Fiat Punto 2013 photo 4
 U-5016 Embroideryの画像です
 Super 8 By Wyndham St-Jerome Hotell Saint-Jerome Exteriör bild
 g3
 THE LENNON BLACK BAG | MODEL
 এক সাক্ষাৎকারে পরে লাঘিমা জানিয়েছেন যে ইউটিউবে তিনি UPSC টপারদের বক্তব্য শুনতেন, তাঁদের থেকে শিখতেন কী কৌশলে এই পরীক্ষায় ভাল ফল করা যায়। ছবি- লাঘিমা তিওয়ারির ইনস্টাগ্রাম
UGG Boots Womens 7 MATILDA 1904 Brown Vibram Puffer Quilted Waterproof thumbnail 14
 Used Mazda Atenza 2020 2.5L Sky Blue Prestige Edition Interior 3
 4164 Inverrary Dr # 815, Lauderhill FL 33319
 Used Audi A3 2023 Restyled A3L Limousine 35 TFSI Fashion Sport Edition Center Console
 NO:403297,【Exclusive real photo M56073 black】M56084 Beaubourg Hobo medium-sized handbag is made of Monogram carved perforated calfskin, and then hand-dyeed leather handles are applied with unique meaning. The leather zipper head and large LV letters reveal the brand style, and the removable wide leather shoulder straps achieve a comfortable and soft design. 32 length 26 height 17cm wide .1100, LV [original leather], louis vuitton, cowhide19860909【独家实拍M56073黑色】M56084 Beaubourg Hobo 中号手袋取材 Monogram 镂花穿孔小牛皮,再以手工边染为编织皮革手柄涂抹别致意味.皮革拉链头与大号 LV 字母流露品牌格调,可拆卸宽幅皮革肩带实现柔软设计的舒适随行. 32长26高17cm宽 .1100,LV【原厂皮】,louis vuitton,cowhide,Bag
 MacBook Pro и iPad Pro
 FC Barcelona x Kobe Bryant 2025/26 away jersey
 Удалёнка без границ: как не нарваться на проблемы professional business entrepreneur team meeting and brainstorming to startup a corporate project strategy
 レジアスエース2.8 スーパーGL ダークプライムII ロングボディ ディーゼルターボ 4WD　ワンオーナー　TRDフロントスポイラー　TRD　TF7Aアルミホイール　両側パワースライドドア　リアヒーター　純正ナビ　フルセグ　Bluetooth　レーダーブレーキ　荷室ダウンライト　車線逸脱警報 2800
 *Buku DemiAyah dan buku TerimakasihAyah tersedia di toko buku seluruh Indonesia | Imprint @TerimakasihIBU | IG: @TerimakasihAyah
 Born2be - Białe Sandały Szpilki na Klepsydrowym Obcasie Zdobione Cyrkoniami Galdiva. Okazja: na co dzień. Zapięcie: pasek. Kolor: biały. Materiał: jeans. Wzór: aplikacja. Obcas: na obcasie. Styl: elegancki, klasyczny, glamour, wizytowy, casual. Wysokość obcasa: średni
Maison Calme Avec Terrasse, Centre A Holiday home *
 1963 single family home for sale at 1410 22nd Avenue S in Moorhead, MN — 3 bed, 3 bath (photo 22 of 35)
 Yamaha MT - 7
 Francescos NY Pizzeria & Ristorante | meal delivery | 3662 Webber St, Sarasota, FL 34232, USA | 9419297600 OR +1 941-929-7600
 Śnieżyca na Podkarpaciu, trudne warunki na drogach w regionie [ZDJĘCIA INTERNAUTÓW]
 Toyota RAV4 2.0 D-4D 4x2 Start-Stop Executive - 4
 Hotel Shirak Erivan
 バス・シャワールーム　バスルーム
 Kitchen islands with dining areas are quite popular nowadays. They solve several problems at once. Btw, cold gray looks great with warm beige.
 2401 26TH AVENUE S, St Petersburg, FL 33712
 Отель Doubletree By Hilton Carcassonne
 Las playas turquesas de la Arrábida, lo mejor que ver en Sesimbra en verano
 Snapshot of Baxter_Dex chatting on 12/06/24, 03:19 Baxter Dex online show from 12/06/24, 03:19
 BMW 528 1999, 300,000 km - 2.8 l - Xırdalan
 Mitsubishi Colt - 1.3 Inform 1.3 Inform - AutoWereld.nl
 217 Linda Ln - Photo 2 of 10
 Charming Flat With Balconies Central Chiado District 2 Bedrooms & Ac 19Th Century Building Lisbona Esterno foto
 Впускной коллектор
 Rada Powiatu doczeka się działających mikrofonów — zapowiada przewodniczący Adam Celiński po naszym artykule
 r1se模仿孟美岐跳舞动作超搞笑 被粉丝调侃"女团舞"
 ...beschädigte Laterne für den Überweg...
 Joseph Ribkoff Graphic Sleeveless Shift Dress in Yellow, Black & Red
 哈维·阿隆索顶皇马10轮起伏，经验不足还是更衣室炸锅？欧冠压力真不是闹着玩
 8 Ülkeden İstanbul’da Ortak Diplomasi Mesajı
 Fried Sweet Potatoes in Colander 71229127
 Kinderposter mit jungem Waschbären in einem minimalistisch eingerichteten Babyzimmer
######
_ABOUT THIS TASK:_ The "für den Überweg..." line through the last line above: set these down exactly and add nothing else.

_RESULT OF THIS TASK:_
 ...beschädigte Laterne für den Überweg...
 Joseph Ribkoff Graphic Sleeveless Shift Dress in Yellow, Black & Red
 哈维·阿隆索顶皇马10轮起伏，经验不足还是更衣室炸锅？欧冠压力真不是闹着玩
 8 Ülkeden İstanbul’da Ortak Diplomasi Mesajı
 Fried Sweet Potatoes in Colander 71229127
 Kinderposter mit jungem Waschbären in einem minimalistisch eingerichteten Babyzimmer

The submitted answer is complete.